Directed by Tom DeNucci [Other horror films: Self Storage (2013), Army of the Damned (2013)]
Almost Mercy isn’t your typical horror film. Narrated by our main character Emily, it chronicles her life growing up with her best friend Jackson, the difficulties they’ve both had, and how messed up they become.
It’s an interesting mix of real-world drama and sarcastic, almost manic at points, narration by Emily, as she lets the audience know about how she first meant Jackson, or how, after being raped, the authorities did nothing because the rapists were “important to the community.” While the first forty minutes has Emily focusing on Jackson and what he went through, it turns more toward Emily after an aborted school shooting.

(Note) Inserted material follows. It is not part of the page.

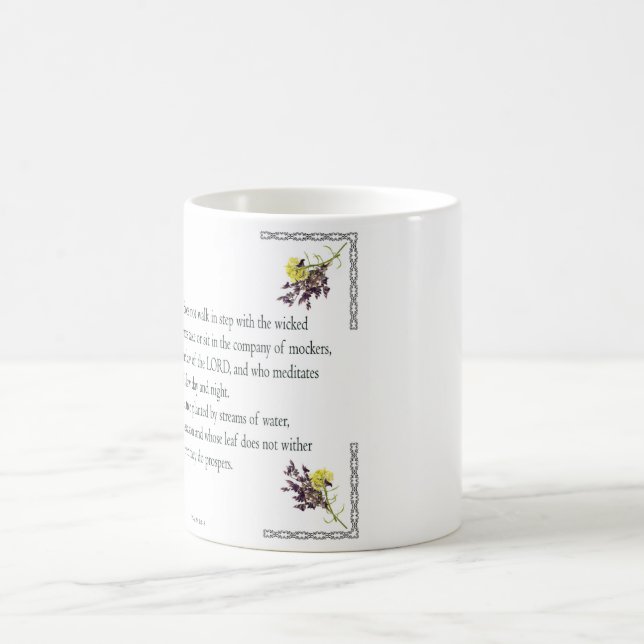 Caneca Mágica Salm 1 Art - Abençoado, Direito, com Design Floral (Centro)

Honestly, there’s not much horror going on for the first fifty minutes of so, save an instance or two of blood spill. It’s more a dramatic comedy, with Emily, while going through a shitty, disconnected life, goes on about Jackson, her screwed up mother, and the creeps who make the town they live in a terrible place. I can imagine that some would call a majority of the film both meandering and boring, not to mention disjointed in tone. One second, a boy is mocked and terrorized by bullies, the next, Emily’s joking about some aspect or another of her life. That said, I rather liked how the film played out.
While at times I thought the narration was a bit too comedic, I thought we really got to learn about and even care about Emily and Jackson. When Jackson is expelled from school, you can feel for him. When Emily’s mother attempts suicide, you can feel her disdain for her father, as he walked out on them. It felt real, in short. The film takes a turn in the final thirty minutes or so, and it was a logical, satisfactory one.
Let’s talk actors and actresses. Young Emily, played by Eva Senerchia, did a really good job, being as young as she is, showing us the dispassionate life that sometimes a young kid can go through. Danielle Guldin, who played grown-up Emily, did a fantastic job in her role and narration. Grown-up Jackson, played by Jesse Dufault, did pretty good also, though more focus was spent on Emily (which makes sense, as the film was through her point-of-view). Kane Hodder and Bill Moseley, playing a high school coach and a church pastor, respectively, are good in their roles.
Though it takes a while to get there, the gore is also quite solid, and the killing spree at the end was on point, if not occasionally riddled with unnecessary comedic commentary. Almost Mercy seems to be the type of film that will turn off some horror fans. It’s not conventional, it’s a bit enthusiastic in it’s presentation, and the “twist” might not do much for some. Personally, though, despite it’s few shortcomings, I thought it was a great quirky film. It’s not for everyone, but it was for me.